--- Given data ---
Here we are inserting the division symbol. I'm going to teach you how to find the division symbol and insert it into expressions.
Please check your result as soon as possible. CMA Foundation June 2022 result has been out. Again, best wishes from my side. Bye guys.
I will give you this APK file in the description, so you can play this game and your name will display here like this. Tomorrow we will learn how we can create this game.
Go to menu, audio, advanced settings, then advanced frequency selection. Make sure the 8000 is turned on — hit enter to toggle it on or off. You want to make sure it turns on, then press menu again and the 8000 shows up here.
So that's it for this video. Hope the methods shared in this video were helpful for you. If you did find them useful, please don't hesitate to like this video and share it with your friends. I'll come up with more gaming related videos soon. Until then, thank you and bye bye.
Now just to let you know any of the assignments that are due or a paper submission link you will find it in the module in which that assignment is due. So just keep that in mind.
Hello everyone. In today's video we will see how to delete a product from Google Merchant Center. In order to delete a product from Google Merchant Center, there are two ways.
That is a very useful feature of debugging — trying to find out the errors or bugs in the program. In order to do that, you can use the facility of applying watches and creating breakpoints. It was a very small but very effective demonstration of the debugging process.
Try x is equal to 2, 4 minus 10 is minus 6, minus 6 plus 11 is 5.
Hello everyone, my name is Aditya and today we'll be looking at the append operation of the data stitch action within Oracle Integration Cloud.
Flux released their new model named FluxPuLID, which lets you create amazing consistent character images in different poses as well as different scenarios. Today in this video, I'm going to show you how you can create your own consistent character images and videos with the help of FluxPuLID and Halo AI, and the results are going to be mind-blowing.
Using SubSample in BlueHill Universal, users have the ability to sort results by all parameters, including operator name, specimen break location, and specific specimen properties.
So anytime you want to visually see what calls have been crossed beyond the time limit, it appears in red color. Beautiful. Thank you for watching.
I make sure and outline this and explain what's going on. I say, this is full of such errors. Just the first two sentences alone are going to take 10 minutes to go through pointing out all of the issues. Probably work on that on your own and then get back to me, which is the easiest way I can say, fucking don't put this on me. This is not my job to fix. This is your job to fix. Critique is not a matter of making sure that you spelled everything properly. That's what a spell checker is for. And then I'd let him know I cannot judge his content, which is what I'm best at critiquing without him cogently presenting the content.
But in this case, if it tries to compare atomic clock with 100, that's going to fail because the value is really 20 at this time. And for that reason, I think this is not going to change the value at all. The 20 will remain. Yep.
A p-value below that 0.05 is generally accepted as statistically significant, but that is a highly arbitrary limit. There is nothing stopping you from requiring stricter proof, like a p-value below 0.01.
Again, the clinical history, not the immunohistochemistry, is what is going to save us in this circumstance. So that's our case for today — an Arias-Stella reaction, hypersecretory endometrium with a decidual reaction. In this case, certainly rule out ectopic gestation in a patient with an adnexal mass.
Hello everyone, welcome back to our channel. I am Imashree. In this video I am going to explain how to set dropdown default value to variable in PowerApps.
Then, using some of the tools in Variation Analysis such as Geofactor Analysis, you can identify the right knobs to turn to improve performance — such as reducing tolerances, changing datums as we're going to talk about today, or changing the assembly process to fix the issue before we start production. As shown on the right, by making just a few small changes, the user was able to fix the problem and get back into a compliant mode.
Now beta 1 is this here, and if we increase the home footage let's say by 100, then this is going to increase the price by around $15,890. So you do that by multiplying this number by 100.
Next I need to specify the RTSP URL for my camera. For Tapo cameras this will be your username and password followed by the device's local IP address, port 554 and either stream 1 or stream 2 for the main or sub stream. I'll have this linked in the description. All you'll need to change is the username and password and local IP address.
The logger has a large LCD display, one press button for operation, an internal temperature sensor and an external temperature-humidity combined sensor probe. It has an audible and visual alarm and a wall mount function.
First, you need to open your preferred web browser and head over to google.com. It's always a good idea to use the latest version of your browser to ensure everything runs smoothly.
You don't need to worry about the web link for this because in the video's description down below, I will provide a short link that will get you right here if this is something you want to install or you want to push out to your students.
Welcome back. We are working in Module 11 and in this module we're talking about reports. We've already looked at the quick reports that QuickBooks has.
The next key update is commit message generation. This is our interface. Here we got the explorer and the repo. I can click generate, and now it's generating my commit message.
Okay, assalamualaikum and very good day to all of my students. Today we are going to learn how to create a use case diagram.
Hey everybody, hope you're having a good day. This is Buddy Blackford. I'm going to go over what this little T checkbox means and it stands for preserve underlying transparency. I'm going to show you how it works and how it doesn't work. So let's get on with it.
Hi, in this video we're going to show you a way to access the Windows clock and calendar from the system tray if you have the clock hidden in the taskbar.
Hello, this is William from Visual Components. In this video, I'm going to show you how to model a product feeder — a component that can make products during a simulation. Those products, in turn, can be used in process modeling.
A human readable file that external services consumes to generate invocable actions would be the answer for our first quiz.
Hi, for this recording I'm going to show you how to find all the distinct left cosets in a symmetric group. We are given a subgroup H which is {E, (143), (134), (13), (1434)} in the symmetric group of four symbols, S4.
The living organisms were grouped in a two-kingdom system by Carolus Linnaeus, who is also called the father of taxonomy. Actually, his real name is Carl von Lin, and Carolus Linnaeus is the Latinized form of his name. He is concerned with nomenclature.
---
Reproduce each of the entries exactly, omitting none.

Here we are inserting the division symbol. I'm going to teach you how to find the division symbol and insert it into expressions.
Please check your result as soon as possible. CMA Foundation June 2022 result has been out. Again, best wishes from my side. Bye guys.
I will give you this APK file in the description, so you can play this game and your name will display here like this. Tomorrow we will learn how we can create this game.
Go to menu, audio, advanced settings, then advanced frequency selection. Make sure the 8000 is turned on — hit enter to toggle it on or off. You want to make sure it turns on, then press menu again and the 8000 shows up here.
So that's it for this video. Hope the methods shared in this video were helpful for you. If you did find them useful, please don't hesitate to like this video and share it with your friends. I'll come up with more gaming related videos soon. Until then, thank you and bye bye.
Now just to let you know any of the assignments that are due or a paper submission link you will find it in the module in which that assignment is due. So just keep that in mind.
Hello everyone. In today's video we will see how to delete a product from Google Merchant Center. In order to delete a product from Google Merchant Center, there are two ways.
That is a very useful feature of debugging — trying to find out the errors or bugs in the program. In order to do that, you can use the facility of applying watches and creating breakpoints. It was a very small but very effective demonstration of the debugging process.
Try x is equal to 2, 4 minus 10 is minus 6, minus 6 plus 11 is 5.
Hello everyone, my name is Aditya and today we'll be looking at the append operation of the data stitch action within Oracle Integration Cloud.
Flux released their new model named FluxPuLID, which lets you create amazing consistent character images in different poses as well as different scenarios. Today in this video, I'm going to show you how you can create your own consistent character images and videos with the help of FluxPuLID and Halo AI, and the results are going to be mind-blowing.
Using SubSample in BlueHill Universal, users have the ability to sort results by all parameters, including operator name, specimen break location, and specific specimen properties.
So anytime you want to visually see what calls have been crossed beyond the time limit, it appears in red color. Beautiful. Thank you for watching.
I make sure and outline this and explain what's going on. I say, this is full of such errors. Just the first two sentences alone are going to take 10 minutes to go through pointing out all of the issues. Probably work on that on your own and then get back to me, which is the easiest way I can say, fucking don't put this on me. This is not my job to fix. This is your job to fix. Critique is not a matter of making sure that you spelled everything properly. That's what a spell checker is for. And then I'd let him know I cannot judge his content, which is what I'm best at critiquing without him cogently presenting the content.
But in this case, if it tries to compare atomic clock with 100, that's going to fail because the value is really 20 at this time. And for that reason, I think this is not going to change the value at all. The 20 will remain. Yep.
A p-value below that 0.05 is generally accepted as statistically significant, but that is a highly arbitrary limit. There is nothing stopping you from requiring stricter proof, like a p-value below 0.01.
Again, the clinical history, not the immunohistochemistry, is what is going to save us in this circumstance. So that's our case for today — an Arias-Stella reaction, hypersecretory endometrium with a decidual reaction. In this case, certainly rule out ectopic gestation in a patient with an adnexal mass.
Hello everyone, welcome back to our channel. I am Imashree. In this video I am going to explain how to set dropdown default value to variable in PowerApps.
Then, using some of the tools in Variation Analysis such as Geofactor Analysis, you can identify the right knobs to turn to improve performance — such as reducing tolerances, changing datums as we're going to talk about today, or changing the assembly process to fix the issue before we start production. As shown on the right, by making just a few small changes, the user was able to fix the problem and get back into a compliant mode.
Now beta 1 is this here, and if we increase the home footage let's say by 100, then this is going to increase the price by around $15,890. So you do that by multiplying this number by 100.
Next I need to specify the RTSP URL for my camera. For Tapo cameras this will be your username and password followed by the device's local IP address, port 554 and either stream 1 or stream 2 for the main or sub stream. I'll have this linked in the description. All you'll need to change is the username and password and local IP address.
The logger has a large LCD display, one press button for operation, an internal temperature sensor and an external temperature-humidity combined sensor probe. It has an audible and visual alarm and a wall mount function.
First, you need to open your preferred web browser and head over to google.com. It's always a good idea to use the latest version of your browser to ensure everything runs smoothly.
You don't need to worry about the web link for this because in the video's description down below, I will provide a short link that will get you right here if this is something you want to install or you want to push out to your students.
Welcome back. We are working in Module 11 and in this module we're talking about reports. We've already looked at the quick reports that QuickBooks has.
The next key update is commit message generation. This is our interface. Here we got the explorer and the repo. I can click generate, and now it's generating my commit message.
Okay, assalamualaikum and very good day to all of my students. Today we are going to learn how to create a use case diagram.
Hey everybody, hope you're having a good day. This is Buddy Blackford. I'm going to go over what this little T checkbox means and it stands for preserve underlying transparency. I'm going to show you how it works and how it doesn't work. So let's get on with it.
Hi, in this video we're going to show you a way to access the Windows clock and calendar from the system tray if you have the clock hidden in the taskbar.
Hello, this is William from Visual Components. In this video, I'm going to show you how to model a product feeder — a component that can make products during a simulation. Those products, in turn, can be used in process modeling.
A human readable file that external services consumes to generate invocable actions would be the answer for our first quiz.
Hi, for this recording I'm going to show you how to find all the distinct left cosets in a symmetric group. We are given a subgroup H which is {E, (143), (134), (13), (1434)} in the symmetric group of four symbols, S4.
The living organisms were grouped in a two-kingdom system by Carolus Linnaeus, who is also called the father of taxonomy. Actually, his real name is Carl von Lin, and Carolus Linnaeus is the Latinized form of his name. He is concerned with nomenclature.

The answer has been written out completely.